Here is what I remember, maybe someone will read this and recognize it – please do let me know if you think you also know this book! The image of the rabbit being retrieved from the rubble towards the end – and how something about the situation in which it was found by the adults indicated to them that our hero was not alone in a cave-space in the rubble – is really strong.
Yes I said rubble. I am convinced the book was set in England, during the second world war.

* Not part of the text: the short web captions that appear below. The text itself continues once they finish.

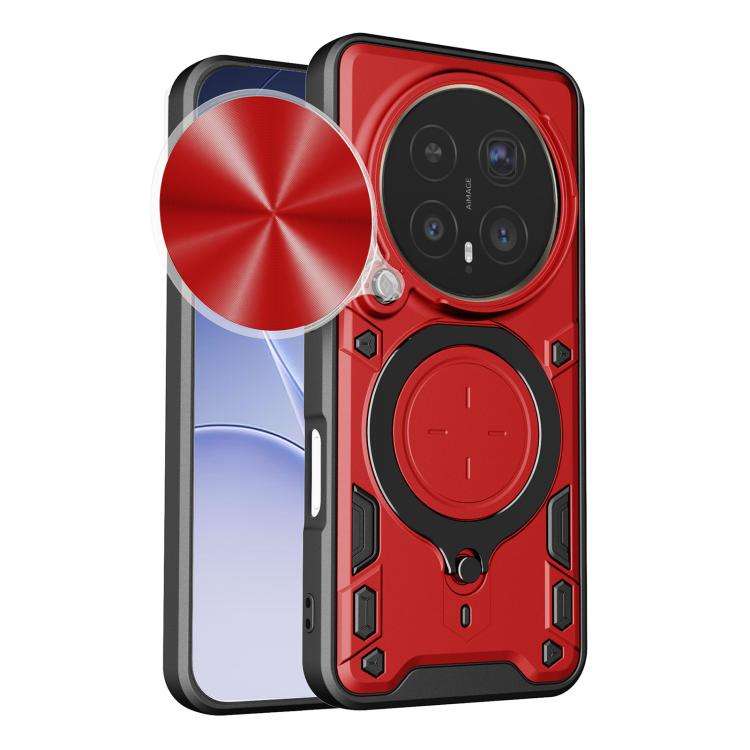 For Honor Magic8 Pro 5G CD Texture Sliding Camshield Magnetic Holder Phone Case(Red)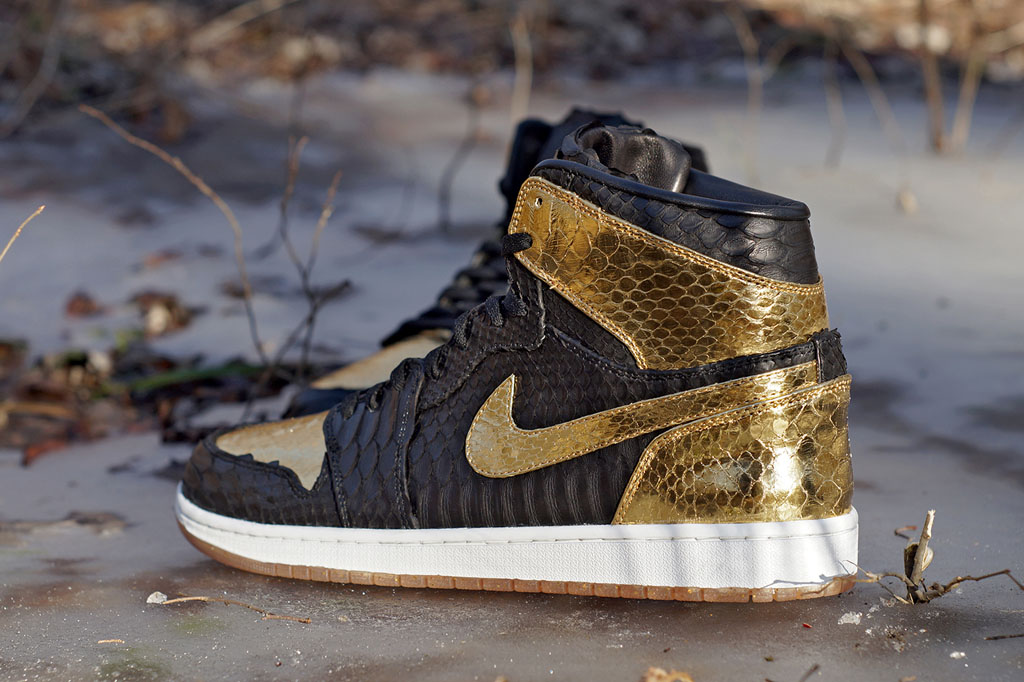 New jordans best sale black and gold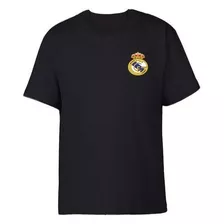 Camiseta Real Madrid Masculina 100% Algodão De Gola Redonda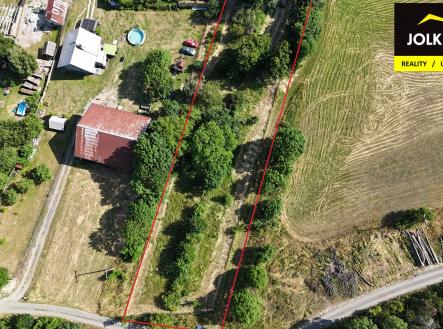 Vyznačení pozemku. | Prodej - pozemek pro bydlení, 3 733 m²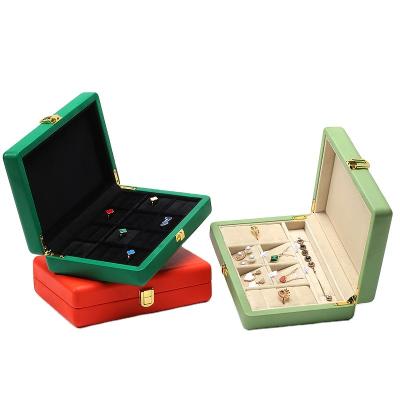 China Custom Logo Luxury Fashionable High Quality PU Leather Square Rounded Corners Shape Small Tall Jewelry Storage Box for sale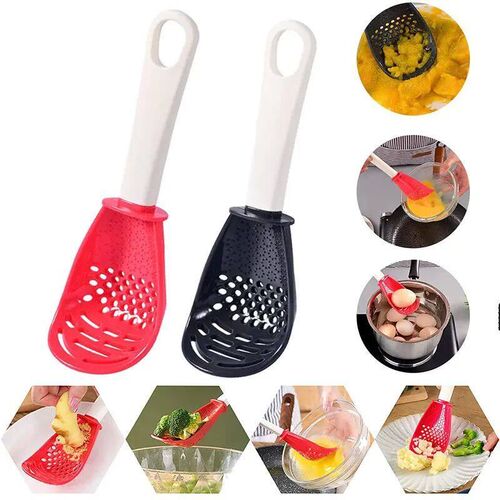Multifunctional Cooking Spoon Kitchen Strainer Scoop to Cut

The main character is a teenage (pre-teen? 13 or 14 years old?) girl who is living with both her parents, only her father is often away for some reason, she doesn’t get along with her mom, and they live in a sort of apartment building or rowhousing. I think they were either working class or lower-middle-class. The complex where they live has an old communal lavatory building, where heating coal is also stored. I believe her mother reminds our hero that when her pet rabbit gets a bit bigger, they’re going to eat the rabbit, it’s not supposed to be a pet, it’s supposed to be livestock.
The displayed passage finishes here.